Caption-style text data:
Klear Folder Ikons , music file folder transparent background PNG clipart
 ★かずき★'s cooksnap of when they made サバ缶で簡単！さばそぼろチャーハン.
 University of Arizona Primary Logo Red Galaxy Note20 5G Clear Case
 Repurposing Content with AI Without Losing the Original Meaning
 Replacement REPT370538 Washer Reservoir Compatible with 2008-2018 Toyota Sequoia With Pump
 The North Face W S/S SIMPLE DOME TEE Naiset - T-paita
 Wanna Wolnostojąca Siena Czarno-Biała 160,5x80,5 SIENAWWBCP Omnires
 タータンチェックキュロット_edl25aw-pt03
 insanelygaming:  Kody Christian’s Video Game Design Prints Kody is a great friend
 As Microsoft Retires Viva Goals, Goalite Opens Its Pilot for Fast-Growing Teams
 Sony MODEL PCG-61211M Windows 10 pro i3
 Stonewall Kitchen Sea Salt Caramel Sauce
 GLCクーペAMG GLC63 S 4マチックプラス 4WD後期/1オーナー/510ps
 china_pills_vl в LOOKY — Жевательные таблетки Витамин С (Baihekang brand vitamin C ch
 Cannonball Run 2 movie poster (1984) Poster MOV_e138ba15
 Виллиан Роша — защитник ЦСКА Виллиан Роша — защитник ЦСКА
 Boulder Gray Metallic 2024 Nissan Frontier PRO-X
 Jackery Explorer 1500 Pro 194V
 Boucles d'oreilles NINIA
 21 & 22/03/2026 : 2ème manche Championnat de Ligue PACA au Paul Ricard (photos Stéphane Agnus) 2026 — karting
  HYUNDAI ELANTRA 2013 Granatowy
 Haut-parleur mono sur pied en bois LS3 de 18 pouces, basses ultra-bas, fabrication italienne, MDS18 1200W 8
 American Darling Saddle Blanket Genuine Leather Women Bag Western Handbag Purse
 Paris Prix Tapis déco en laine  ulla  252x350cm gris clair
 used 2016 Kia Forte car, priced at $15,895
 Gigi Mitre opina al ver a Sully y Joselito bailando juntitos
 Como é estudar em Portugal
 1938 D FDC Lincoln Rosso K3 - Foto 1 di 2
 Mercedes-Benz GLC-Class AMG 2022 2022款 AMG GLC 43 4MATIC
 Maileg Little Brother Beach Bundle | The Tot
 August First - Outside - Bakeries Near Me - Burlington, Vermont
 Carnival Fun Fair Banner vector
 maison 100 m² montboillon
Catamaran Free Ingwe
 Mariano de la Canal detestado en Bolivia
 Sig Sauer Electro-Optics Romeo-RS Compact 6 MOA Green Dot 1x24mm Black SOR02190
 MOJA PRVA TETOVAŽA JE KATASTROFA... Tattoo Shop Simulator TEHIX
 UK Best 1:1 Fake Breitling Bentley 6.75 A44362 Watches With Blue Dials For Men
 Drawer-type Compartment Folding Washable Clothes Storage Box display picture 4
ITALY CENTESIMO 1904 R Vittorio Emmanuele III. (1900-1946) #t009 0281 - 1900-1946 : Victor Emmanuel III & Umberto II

(Task to complete) A complete, exact transcription of the records is needed.

(Written response)
Klear Folder Ikons , music file folder transparent background PNG clipart
 ★かずき★'s cooksnap of when they made サバ缶で簡単！さばそぼろチャーハン.
 University of Arizona Primary Logo Red Galaxy Note20 5G Clear Case
 Repurposing Content with AI Without Losing the Original Meaning
 Replacement REPT370538 Washer Reservoir Compatible with 2008-2018 Toyota Sequoia With Pump
 The North Face W S/S SIMPLE DOME TEE Naiset - T-paita
 Wanna Wolnostojąca Siena Czarno-Biała 160,5x80,5 SIENAWWBCP Omnires
 タータンチェックキュロット_edl25aw-pt03
 insanelygaming:  Kody Christian’s Video Game Design Prints Kody is a great friend
 As Microsoft Retires Viva Goals, Goalite Opens Its Pilot for Fast-Growing Teams
 Sony MODEL PCG-61211M Windows 10 pro i3
 Stonewall Kitchen Sea Salt Caramel Sauce
 GLCクーペAMG GLC63 S 4マチックプラス 4WD後期/1オーナー/510ps
 china_pills_vl в LOOKY — Жевательные таблетки Витамин С (Baihekang brand vitamin C ch
 Cannonball Run 2 movie poster (1984) Poster MOV_e138ba15
 Виллиан Роша — защитник ЦСКА Виллиан Роша — защитник ЦСКА
 Boulder Gray Metallic 2024 Nissan Frontier PRO-X
 Jackery Explorer 1500 Pro 194V
 Boucles d'oreilles NINIA
 21 & 22/03/2026 : 2ème manche Championnat de Ligue PACA au Paul Ricard (photos Stéphane Agnus) 2026 — karting
  HYUNDAI ELANTRA 2013 Granatowy
 Haut-parleur mono sur pied en bois LS3 de 18 pouces, basses ultra-bas, fabrication italienne, MDS18 1200W 8
 American Darling Saddle Blanket Genuine Leather Women Bag Western Handbag Purse
 Paris Prix Tapis déco en laine  ulla  252x350cm gris clair
 used 2016 Kia Forte car, priced at $15,895
 Gigi Mitre opina al ver a Sully y Joselito bailando juntitos
 Como é estudar em Portugal
 1938 D FDC Lincoln Rosso K3 - Foto 1 di 2
 Mercedes-Benz GLC-Class AMG 2022 2022款 AMG GLC 43 4MATIC
 Maileg Little Brother Beach Bundle | The Tot
 August First - Outside - Bakeries Near Me - Burlington, Vermont
 Carnival Fun Fair Banner vector
 maison 100 m² montboillon
Catamaran Free Ingwe
 Mariano de la Canal detestado en Bolivia
 Sig Sauer Electro-Optics Romeo-RS Compact 6 MOA Green Dot 1x24mm Black SOR02190
 MOJA PRVA TETOVAŽA JE KATASTROFA... Tattoo Shop Simulator TEHIX
 UK Best 1:1 Fake Breitling Bentley 6.75 A44362 Watches With Blue Dials For Men
 Drawer-type Compartment Folding Washable Clothes Storage Box display picture 4
ITALY CENTESIMO 1904 R Vittorio Emmanuele III. (1900-1946) #t009 0281 - 1900-1946 : Victor Emmanuel III & Umberto II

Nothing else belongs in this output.